Anyone that knows me, knows that I love my sleep. I love my bed with it’s comfy mattress and special cuddley blankets. I love to get a good night’s sleep. But lately, I am not sleeping well. I go to bed, I am tired. Sometimes I read a bit to slow down and then I try to sleep. But my brain will not shut off. It keeps whirring, and twisting, and turning, and (mostly) worrying. It is not good, because then when it’s time to wake up, I am tired and grumpy and short-tempered. I believe most of the members of the house are suffering. It’s pretty annoying. And I have no idea how to stop it. Or change the behavior. I try to “shut off,” I tell J things and I tell him, now you can worry about it for me. Still I persist. And I think and I think again. It’s also not limited to going to bed. If I get up in the night, when I lay back down to go to sleep, my brain is “on” again and I feel like I am again fighting to go (back) to sleep. I wish I knew what to do. I know I’ve had a ton of changes this last year and I know it has something to do with all of that, but I just want it to get better so I can go back to being me – the well-rested, not grouchy version of me.

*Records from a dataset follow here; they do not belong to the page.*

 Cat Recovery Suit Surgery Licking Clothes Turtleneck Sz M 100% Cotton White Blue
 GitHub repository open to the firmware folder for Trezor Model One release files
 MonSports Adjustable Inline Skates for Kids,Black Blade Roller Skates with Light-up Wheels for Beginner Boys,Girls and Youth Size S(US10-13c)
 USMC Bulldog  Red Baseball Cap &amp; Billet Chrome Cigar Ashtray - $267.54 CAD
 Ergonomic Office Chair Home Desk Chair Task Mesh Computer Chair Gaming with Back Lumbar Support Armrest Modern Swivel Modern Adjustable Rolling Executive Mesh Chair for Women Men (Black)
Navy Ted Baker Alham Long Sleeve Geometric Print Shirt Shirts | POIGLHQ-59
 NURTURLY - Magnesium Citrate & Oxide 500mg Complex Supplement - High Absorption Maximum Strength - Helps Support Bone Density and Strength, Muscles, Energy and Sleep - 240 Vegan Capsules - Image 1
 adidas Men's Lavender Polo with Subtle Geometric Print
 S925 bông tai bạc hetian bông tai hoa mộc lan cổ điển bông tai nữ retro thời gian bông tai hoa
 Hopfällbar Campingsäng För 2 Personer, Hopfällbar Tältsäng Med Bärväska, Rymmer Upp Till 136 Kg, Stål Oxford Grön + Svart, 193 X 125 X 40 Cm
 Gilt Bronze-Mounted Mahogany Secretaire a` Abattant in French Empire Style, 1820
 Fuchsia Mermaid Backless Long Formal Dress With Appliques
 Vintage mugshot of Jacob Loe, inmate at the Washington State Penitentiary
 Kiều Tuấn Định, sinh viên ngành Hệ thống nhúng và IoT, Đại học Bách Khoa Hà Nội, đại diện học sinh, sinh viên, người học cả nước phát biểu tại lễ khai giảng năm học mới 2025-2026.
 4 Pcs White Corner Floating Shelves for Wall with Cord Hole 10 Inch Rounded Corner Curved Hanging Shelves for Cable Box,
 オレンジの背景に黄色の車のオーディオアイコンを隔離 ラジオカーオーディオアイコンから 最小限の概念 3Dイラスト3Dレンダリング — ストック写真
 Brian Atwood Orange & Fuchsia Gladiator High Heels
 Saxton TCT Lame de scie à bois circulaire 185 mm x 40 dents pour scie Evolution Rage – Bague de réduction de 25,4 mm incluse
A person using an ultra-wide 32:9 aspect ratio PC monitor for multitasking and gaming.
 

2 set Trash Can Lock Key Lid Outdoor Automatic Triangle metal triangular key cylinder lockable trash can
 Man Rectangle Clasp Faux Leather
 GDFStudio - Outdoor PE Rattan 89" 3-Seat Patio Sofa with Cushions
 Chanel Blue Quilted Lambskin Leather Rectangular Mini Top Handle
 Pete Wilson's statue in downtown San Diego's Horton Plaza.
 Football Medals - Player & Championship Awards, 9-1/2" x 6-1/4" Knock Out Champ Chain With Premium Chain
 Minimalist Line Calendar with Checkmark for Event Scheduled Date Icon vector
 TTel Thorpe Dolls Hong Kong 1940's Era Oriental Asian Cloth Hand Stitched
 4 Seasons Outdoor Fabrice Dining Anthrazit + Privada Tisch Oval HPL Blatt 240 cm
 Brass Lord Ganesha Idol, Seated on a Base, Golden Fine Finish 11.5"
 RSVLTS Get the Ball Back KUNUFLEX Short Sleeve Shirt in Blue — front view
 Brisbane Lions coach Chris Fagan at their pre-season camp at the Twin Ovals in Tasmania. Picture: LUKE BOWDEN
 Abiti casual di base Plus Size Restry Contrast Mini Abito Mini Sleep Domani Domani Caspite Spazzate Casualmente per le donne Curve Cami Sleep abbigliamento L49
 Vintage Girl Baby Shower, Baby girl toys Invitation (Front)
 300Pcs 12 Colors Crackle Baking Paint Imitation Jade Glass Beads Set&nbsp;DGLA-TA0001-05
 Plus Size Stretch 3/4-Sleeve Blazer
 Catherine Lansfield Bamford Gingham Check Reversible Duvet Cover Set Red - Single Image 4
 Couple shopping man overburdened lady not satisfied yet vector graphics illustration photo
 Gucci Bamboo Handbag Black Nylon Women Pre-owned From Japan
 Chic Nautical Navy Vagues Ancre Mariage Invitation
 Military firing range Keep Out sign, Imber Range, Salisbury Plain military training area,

I completely understand. This has been a daily occurance for me since the college days. I often wonder if it is because I have a lot going on and don’t get it managed like I want to. I have noticed though that with exercise I tend to do better with sleeping and not over thinking anything. Not sure if you have time to work that in right now, but outside of Ambien, it’s been the only thing to help me get a good nights rest.
Most days though I only operate on 6 or so hours. Any more than that and I feel sluggish. Hope it gets better soon my friend.
That is a horrible feeling – waking up in the middle of the night, feeling the weight of all the tasks you need to accomplish & can’t at that moment.